● **MATERIAL TO PROCESS**
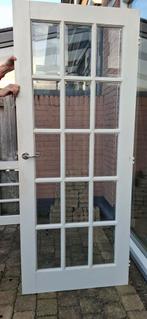 2 identieke binnendeuren met facet geslepen glas, Doe-het-zelf en Verbouw, Deuren en Horren, Ophalen, Glas, Binnendeur, 200 tot 215 cm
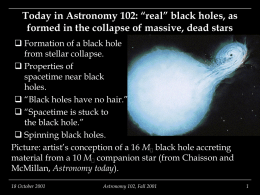 Today in Astronomy 102: “real” black holes, as formed in the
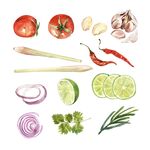 多样新鲜蔬菜与香料组合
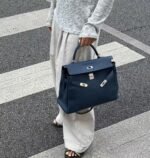 Hermes kelly 35 Dark blue custom TOCO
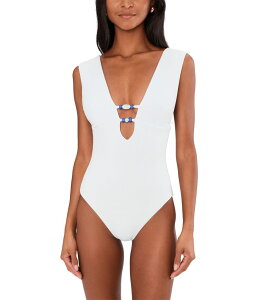 �x�b�J ���f�B�[�X ���� �㉺�Z�b�g �v���[�c BECCA Modern Edge Rib Mira Pleated V-Wire One-Piece White �z���C�g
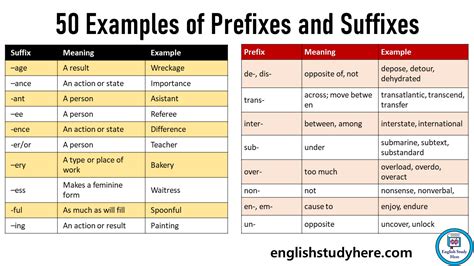 50 Examples Of Prefixes And Suffixes English Study Here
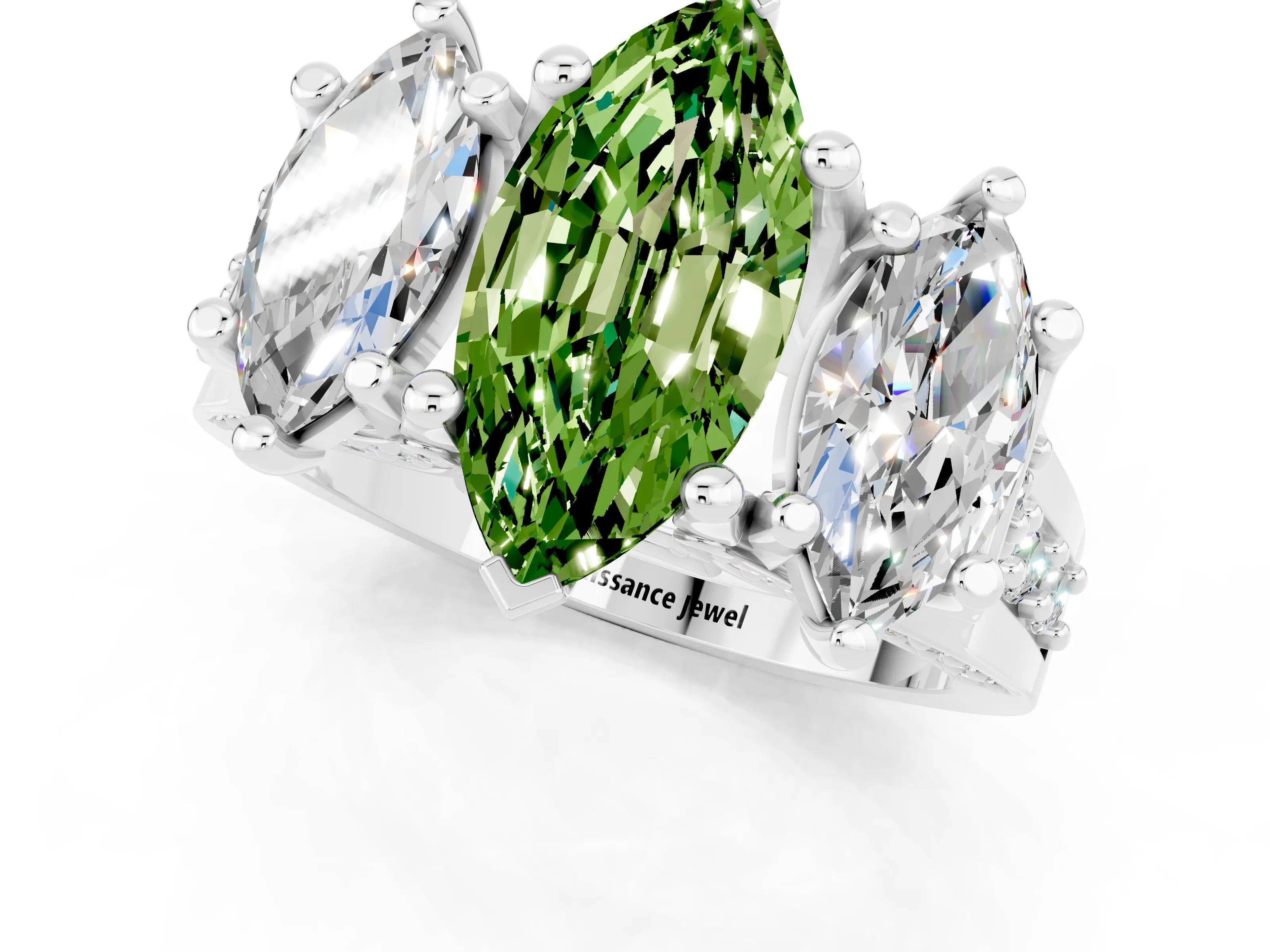 White gold Marquise Cut Peridot Three-Stone Ring with Channel Set Band and Four-Prong Setting_1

● **WORK ITEM**
When you set down the material above, keep every word exact and include no pictures.

● **TASK SOLUTION**
 2 identieke binnendeuren met facet geslepen glas, Doe-het-zelf en Verbouw, Deuren en Horren, Ophalen, Glas, Binnendeur, 200 tot 215 cm
 Today in Astronomy 102: “real” black holes, as formed in the
 多样新鲜蔬菜与香料组合
 Hermes kelly 35 Dark blue custom TOCO
 �x�b�J ���f�B�[�X ���� �㉺�Z�b�g �v���[�c BECCA Modern Edge Rib Mira Pleated V-Wire One-Piece White �z���C�g
 50 Examples Of Prefixes And Suffixes English Study Here
 White gold Marquise Cut Peridot Three-Stone Ring with Channel Set Band and Four-Prong Setting_1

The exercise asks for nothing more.